Malgré les plans initiaux, présentés à l’issue de la concertation, c’est bien sur les platelages en bois que tous les bancs seront installés.
Claude Petit / SO
Rétropédalage malgré les plans
Didier Jeanjean s’explique sur ce « quiproquo ». Pour mémoire, à l’issue de la concertation menée au printemps 2024, une volonté d’apaisement partagée induisait la restriction du stationnement. Sur plans, cela se traduit par des platelages en bois, qui, en face des restaurants, proposeront des terrasses, quand ailleurs des bancs seront mis à disposition des promeneurs. Pour l’élu, « ces bancs auraient donc dû se trouver sur un platelage ». D’où sa réaction immédiate vendredi 19 décembre, et la question qui s’ensuit « de les maintenir en place ».
Mais au regard de la bronca suscitée jusque dans les rangs des Motards en colère de Gironde, le rétropédalage s’est imposé, avec un communiqué teinté d’humour. « Car je ne suis pas de ceux qui restent dans l’entêtement pour dire que je n’ai pas fait d’erreur », déclare Didier Jeanjean.

Plan des aménagements transitoires présenté à la mairie en mai 2025.
Repro SO
Reste qu’à regarder de près les plans présentés en avril dernier par Jean Faure, de L-atelier des possibles, cabinet de designers urbains chargé de cette mission préalable, lesdits bancs figurent bien sur une zone dépourvue de terrasse. Mais intégrée à l’une de ces « vaguelettes bleues » dessinées sur la chaussée selon le principe du « design actif », invitant les automobilistes à adapter leur vitesse de circulation.
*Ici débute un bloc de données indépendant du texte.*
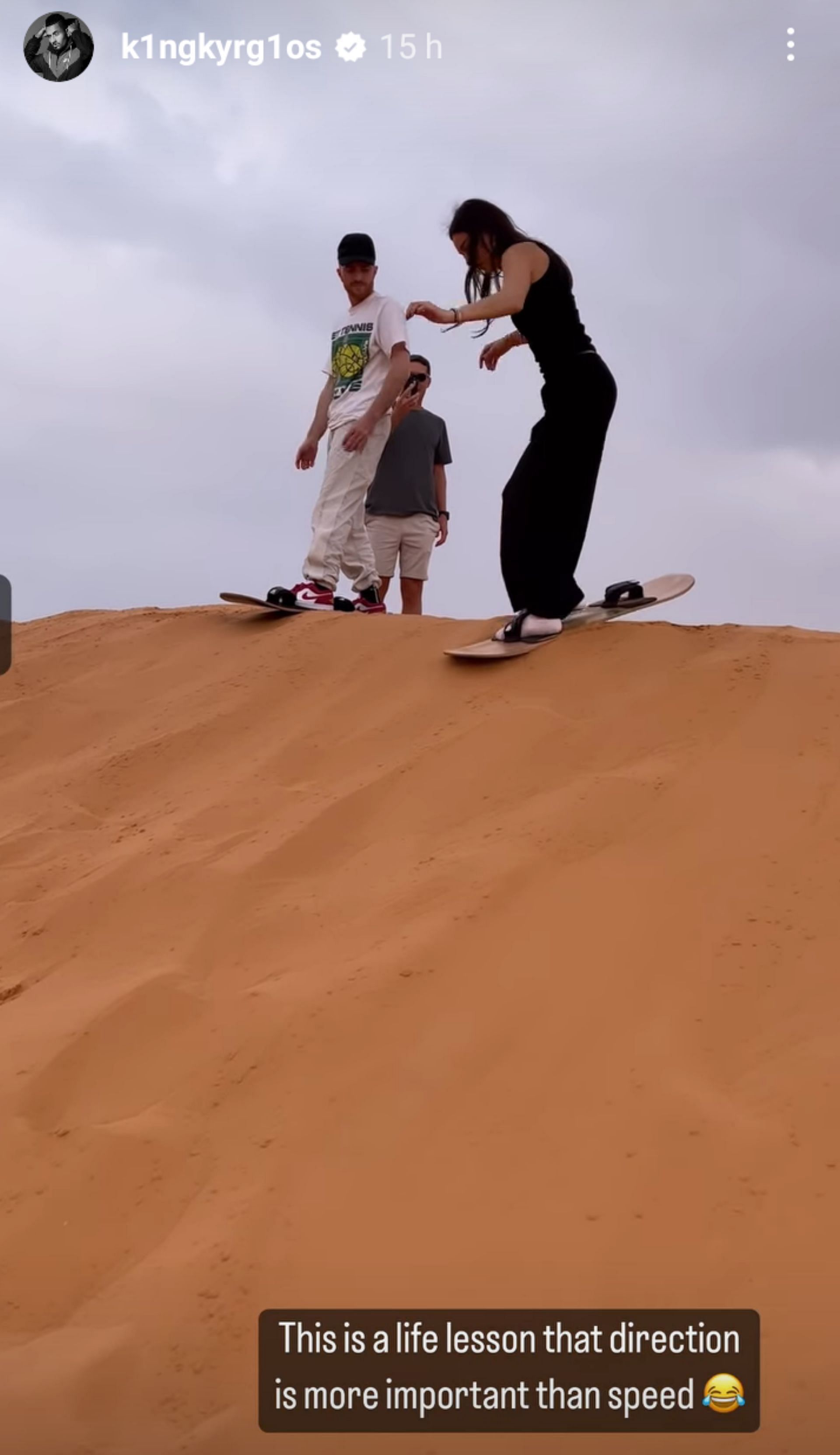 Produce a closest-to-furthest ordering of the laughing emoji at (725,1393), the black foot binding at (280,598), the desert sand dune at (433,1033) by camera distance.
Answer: the laughing emoji at (725,1393), the desert sand dune at (433,1033), the black foot binding at (280,598)

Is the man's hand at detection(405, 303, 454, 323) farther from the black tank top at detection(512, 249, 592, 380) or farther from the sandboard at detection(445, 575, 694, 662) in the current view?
the sandboard at detection(445, 575, 694, 662)

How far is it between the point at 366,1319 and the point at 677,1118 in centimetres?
56

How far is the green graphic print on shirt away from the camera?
507 centimetres

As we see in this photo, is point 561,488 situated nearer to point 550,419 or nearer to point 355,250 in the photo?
point 550,419

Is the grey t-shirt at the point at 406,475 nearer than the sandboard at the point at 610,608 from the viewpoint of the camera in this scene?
No

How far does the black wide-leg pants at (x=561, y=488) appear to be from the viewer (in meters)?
3.94

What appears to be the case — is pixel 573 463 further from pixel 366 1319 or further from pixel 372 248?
pixel 366 1319

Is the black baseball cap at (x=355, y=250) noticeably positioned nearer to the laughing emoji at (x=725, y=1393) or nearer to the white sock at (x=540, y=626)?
the white sock at (x=540, y=626)

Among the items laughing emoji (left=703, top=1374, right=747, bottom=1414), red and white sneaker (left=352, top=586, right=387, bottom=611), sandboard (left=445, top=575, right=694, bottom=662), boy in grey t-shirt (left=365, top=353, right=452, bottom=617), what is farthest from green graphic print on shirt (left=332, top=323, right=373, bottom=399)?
laughing emoji (left=703, top=1374, right=747, bottom=1414)

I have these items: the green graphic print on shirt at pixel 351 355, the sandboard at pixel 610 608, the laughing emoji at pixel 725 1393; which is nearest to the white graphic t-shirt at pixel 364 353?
the green graphic print on shirt at pixel 351 355

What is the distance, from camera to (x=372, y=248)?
16.8ft

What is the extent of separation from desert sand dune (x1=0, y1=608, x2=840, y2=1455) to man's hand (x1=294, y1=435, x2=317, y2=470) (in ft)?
6.09

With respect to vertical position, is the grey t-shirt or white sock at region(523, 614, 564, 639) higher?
the grey t-shirt

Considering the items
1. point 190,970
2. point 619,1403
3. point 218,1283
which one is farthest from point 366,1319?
point 190,970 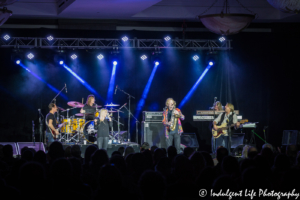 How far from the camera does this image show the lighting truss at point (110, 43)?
12014mm

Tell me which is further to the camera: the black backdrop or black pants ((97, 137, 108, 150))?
the black backdrop

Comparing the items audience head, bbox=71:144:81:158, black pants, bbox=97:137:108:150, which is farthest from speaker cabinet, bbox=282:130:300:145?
audience head, bbox=71:144:81:158

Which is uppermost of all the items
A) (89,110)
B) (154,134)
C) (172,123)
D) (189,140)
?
(89,110)

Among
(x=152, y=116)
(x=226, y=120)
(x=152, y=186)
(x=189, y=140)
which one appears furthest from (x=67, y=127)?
(x=152, y=186)

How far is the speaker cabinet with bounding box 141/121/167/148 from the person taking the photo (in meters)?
11.9

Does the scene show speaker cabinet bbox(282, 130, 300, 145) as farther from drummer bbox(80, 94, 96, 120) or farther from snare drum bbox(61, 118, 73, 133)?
snare drum bbox(61, 118, 73, 133)

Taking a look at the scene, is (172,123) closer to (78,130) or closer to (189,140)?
(189,140)

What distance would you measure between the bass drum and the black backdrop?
1385 mm

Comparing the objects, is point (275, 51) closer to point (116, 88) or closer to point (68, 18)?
point (116, 88)

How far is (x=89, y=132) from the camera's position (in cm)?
1195

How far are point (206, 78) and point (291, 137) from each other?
3706 millimetres

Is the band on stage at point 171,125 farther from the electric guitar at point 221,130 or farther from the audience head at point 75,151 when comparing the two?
the audience head at point 75,151

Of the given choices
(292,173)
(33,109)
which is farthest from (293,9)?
(33,109)

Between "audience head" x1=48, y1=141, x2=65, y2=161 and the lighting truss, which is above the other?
the lighting truss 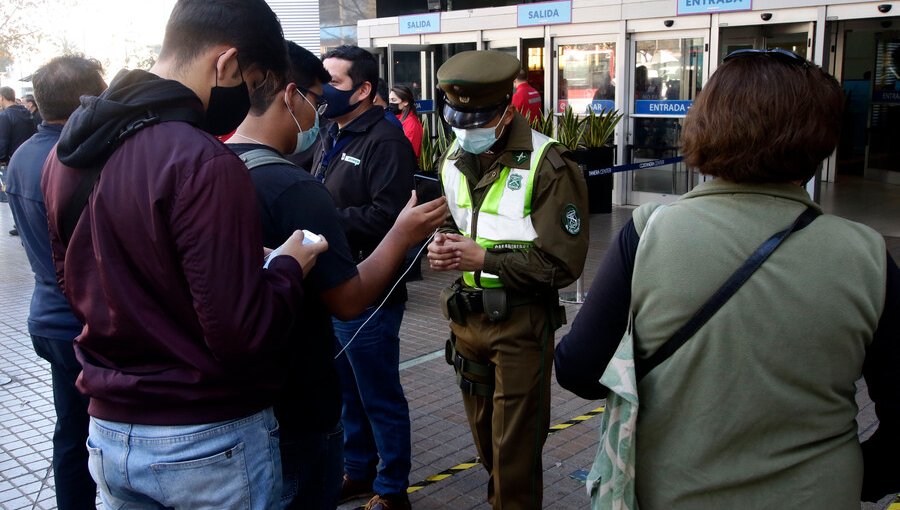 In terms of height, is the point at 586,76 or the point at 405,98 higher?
the point at 586,76

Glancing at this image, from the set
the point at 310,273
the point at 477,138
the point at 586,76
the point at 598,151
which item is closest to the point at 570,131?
the point at 598,151

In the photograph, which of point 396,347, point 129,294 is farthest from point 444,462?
point 129,294

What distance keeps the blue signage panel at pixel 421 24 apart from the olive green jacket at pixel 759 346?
495 inches

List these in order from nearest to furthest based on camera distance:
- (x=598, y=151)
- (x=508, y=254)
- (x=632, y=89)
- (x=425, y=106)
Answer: (x=508, y=254), (x=598, y=151), (x=632, y=89), (x=425, y=106)

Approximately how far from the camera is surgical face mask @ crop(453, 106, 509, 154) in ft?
10.4

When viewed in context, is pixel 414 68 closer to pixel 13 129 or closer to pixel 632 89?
pixel 632 89

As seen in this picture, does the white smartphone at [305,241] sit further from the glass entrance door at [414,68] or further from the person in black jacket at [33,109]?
the glass entrance door at [414,68]

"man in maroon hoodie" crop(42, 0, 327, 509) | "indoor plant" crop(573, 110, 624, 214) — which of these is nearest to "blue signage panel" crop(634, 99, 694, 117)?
"indoor plant" crop(573, 110, 624, 214)

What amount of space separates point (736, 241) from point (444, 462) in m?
3.02

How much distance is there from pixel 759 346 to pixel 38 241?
2.86 m

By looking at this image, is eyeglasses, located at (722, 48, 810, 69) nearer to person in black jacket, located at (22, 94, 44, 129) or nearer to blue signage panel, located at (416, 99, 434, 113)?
person in black jacket, located at (22, 94, 44, 129)

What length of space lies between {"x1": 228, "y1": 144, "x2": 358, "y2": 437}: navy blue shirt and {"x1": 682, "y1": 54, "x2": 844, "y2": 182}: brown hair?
95 cm

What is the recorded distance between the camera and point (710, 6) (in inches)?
424

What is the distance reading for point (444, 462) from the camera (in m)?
4.38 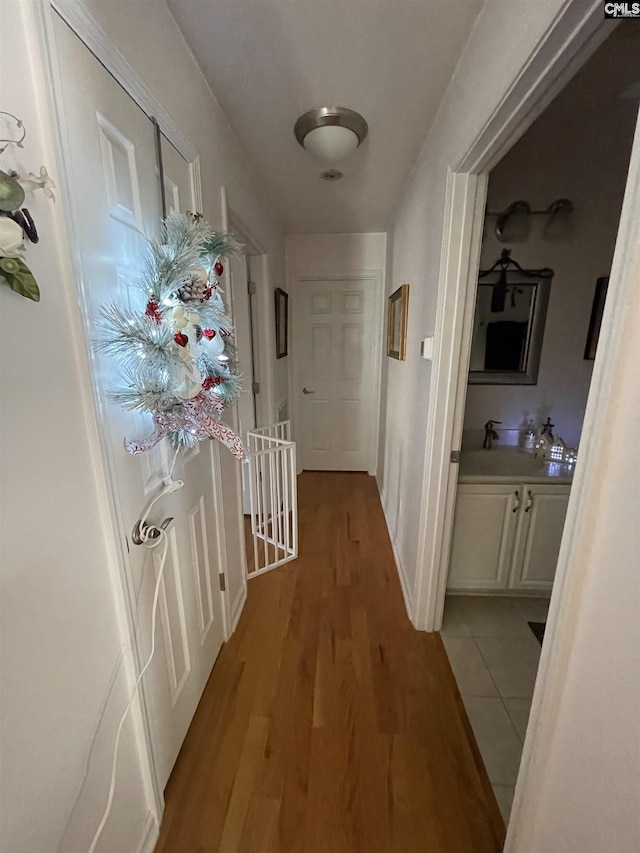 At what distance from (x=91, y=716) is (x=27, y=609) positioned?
0.37 meters

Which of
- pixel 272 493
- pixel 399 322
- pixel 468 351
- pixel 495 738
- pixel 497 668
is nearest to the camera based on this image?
pixel 495 738

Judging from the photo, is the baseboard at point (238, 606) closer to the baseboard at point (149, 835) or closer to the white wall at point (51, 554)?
the baseboard at point (149, 835)

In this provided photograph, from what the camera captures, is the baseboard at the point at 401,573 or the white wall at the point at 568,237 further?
the baseboard at the point at 401,573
Quant à ceux qui s’insurgent contre des dépenses inutiles engendrées par cet épisode, Didier Jeanjean tient à les rassurer. « Cela n’aura aucun coût supplémentaire puisque l’intervention a été faite en régie. » Et de préciser que cette étape transitoire, illustration de l’urbanisme pragmatique instauré durant la mandature, est loin de se chiffrer « aux 15 millions d’euros que l’on voit partout ». Une enveloppe dévolue à l’intégralité de la réhabilitation des allées de Tourny qui, depuis la présentation du projet, a été revue à 13 millions d’euros. « Avec une participation de la Ville désormais inférieure », pour un montant de 5,5 millions d’euros. Et dont les aménagements transitoires en bois et leur végétalisation, en cours d’achèvement, s’élèvent à 350 000 euros.